══ Input for this task ══

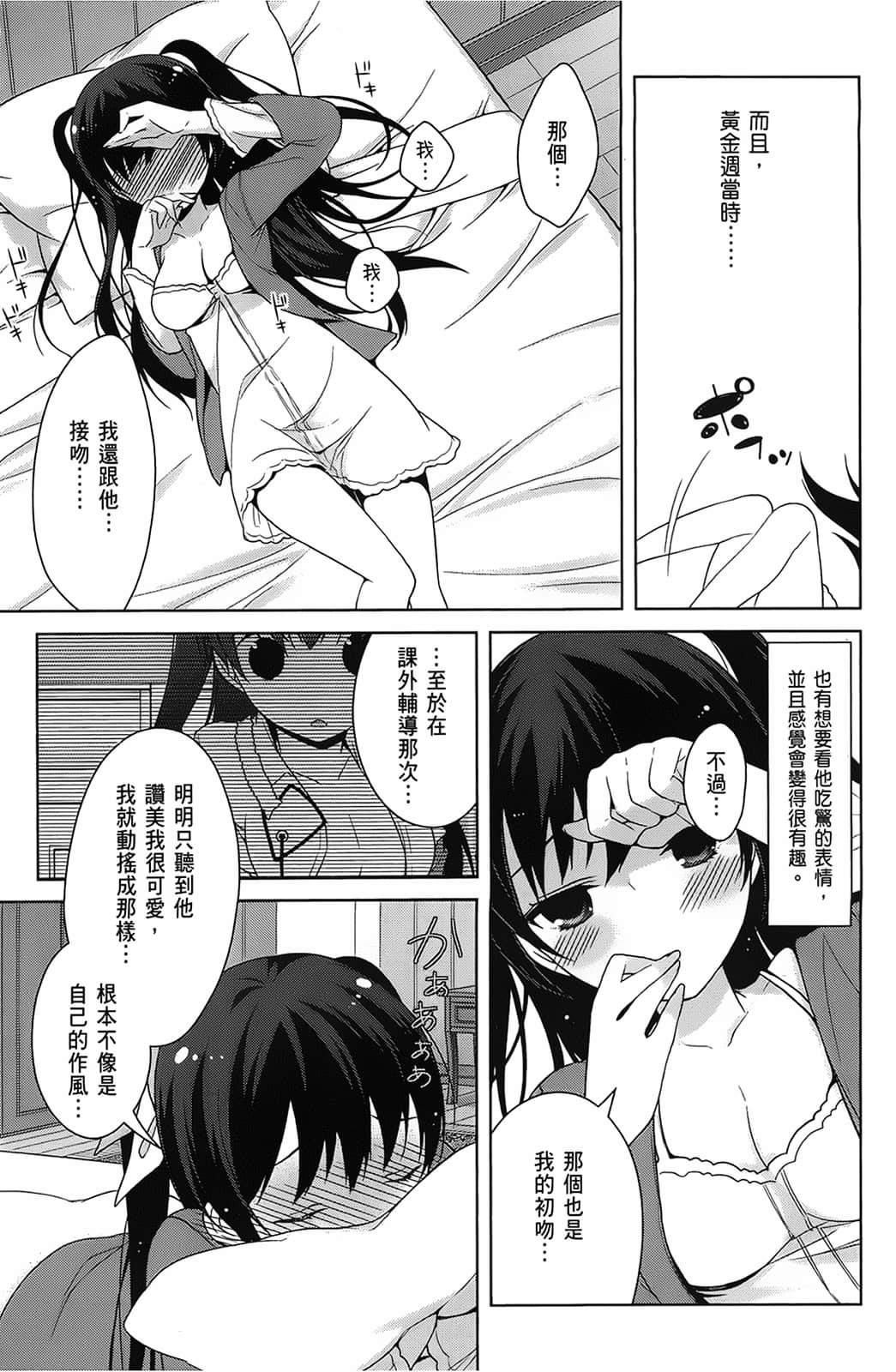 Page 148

═══
══ Input for this task ══

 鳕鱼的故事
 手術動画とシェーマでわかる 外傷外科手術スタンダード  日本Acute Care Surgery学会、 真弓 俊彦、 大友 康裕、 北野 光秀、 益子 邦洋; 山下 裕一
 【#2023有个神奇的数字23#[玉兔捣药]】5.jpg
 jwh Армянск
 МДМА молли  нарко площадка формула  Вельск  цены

═══

→ **Exercise objective**:
From the listing above, return the lines starting at the one with "jwh Армянск" and ending at the one with "нарко площадка формула", both kept, exactly as they appear and nothing more.

→ **Response for this exercise**:
 jwh Армянск
 МДМА молли  нарко площадка формула  Вельск  цены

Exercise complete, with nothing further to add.